In Elephants Can Remember, the great Belgian sleuth finds himself pre-occupied with investigating the strange and gruesome murder of an elderly psychiatrist, while his old friend Ariadne Oliver has a case of her own to solve. She is pressed by the loathsome Mrs Burton-Cox (Greta Scacchi) to uncover the truth about two decade-old deaths: were they murders or a double suicide? And if it was murder, then who killed whom?
“In this film, Ariadne goes out in the field and Poirot tells her to sniff around and to ask questions to those who live nearby,” said Suchet. “Poirot becomes involved sort of against his wishes until he realises that the case he’s working on is linked to what Ariadne Oliver is doing. He’s forced into it and has to turn around and say, ‘Madame, I think you are correct and I’ve now discovered that these two cases are connected’. He’s brought in and can solve both.”

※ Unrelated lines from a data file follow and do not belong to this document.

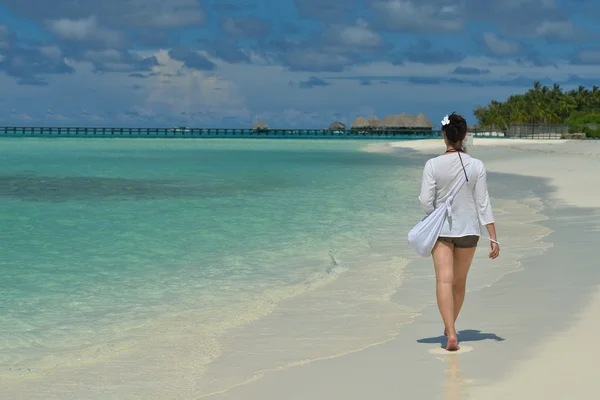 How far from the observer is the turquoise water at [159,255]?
8336mm

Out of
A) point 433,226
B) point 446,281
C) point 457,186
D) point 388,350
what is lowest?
point 388,350

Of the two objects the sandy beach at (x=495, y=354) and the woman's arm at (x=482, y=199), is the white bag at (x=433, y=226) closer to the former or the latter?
the woman's arm at (x=482, y=199)

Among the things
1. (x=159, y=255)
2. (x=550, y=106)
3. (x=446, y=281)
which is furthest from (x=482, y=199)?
(x=550, y=106)

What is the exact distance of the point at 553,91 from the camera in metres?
133

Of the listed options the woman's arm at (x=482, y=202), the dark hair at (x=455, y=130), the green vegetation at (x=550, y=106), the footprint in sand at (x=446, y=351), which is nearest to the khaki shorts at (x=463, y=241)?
the woman's arm at (x=482, y=202)

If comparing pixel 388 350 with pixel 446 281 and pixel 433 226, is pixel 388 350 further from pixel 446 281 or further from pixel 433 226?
pixel 433 226

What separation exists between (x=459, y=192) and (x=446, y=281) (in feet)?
2.25

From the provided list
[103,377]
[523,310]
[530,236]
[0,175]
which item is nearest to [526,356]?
[523,310]

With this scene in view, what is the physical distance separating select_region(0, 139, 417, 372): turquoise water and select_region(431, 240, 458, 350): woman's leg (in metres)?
1.98

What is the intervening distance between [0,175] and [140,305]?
33.5 metres

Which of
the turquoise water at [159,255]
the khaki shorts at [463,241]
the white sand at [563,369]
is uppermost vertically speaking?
the khaki shorts at [463,241]

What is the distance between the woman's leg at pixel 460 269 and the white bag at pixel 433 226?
0.23 meters

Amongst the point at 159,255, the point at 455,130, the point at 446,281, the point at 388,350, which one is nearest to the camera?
the point at 455,130

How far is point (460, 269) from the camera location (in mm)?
6363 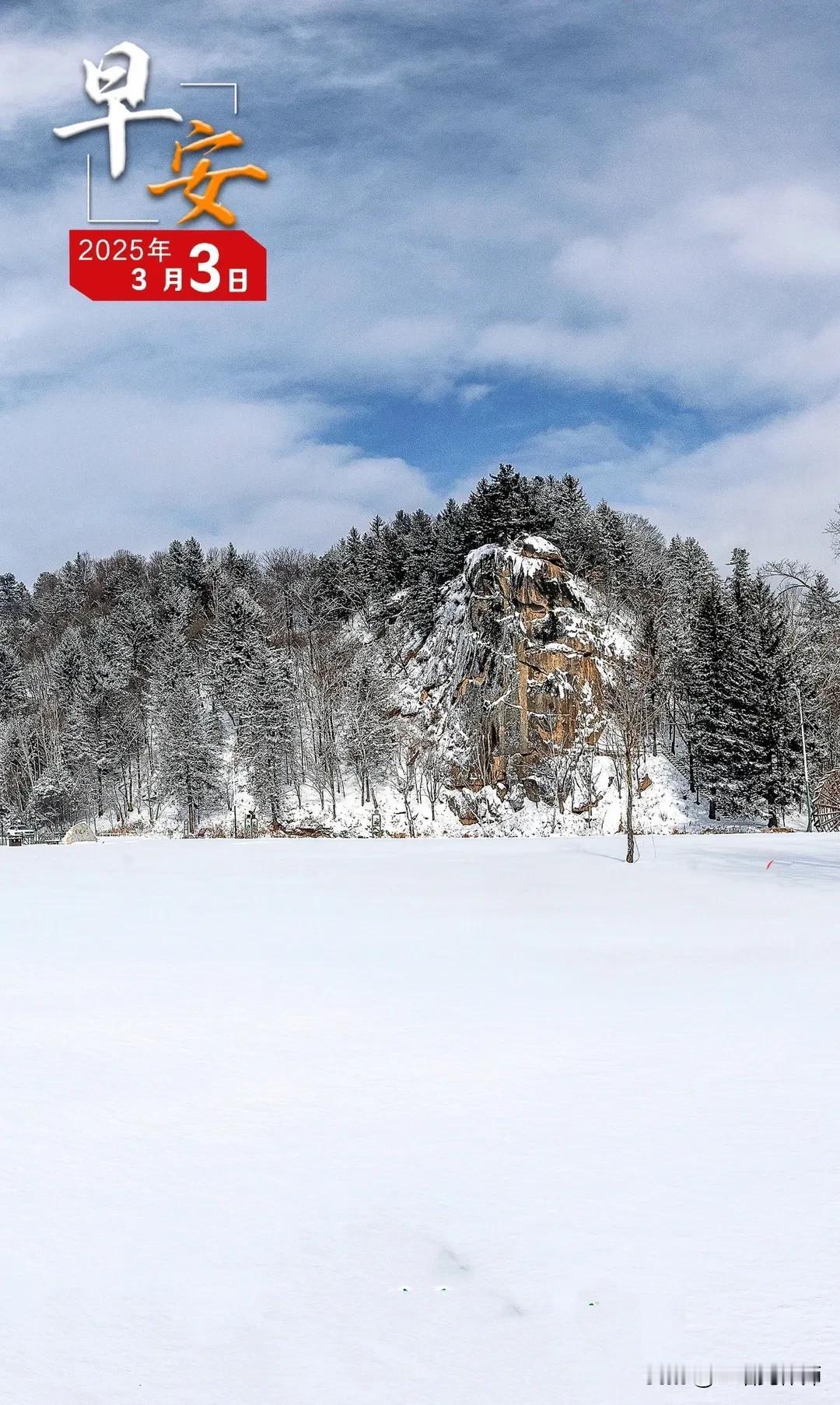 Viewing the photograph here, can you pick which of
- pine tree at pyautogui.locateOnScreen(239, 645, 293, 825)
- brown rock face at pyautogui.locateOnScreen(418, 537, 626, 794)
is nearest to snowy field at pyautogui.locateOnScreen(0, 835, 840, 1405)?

David Suchet accepted the role of Hercule Poirot in 1988 and filmed the first Agatha Christie adaptation – The Adventure of the Clapham Cook – in the same year. The drama was then broadcast on ITV on 8 January 1989. Yet despite his long service, Suchet still undertakes a lengthy ritual of preparation before playing the part:
“Although the scripts allow me some development, every time I come back to Poirot I have to come back to his voice, his walk and his mannerisms. I usually have to watch up to ten hours prior to filming and I also conduct a detailed script study to make sure everything I say is valid, especially when I come to Poirot’s summing up. I work very closely with the script editor to make sure there are no assumptions. In addition to the character preparation, I like to rewrite my script in the vernacular of Poirot.”
This latest episode will form part of the 13th and final series that also includes The Big Four, Dead Man’s Folly, The Labours of Hercules and Curtain: Poirot’s Last Case.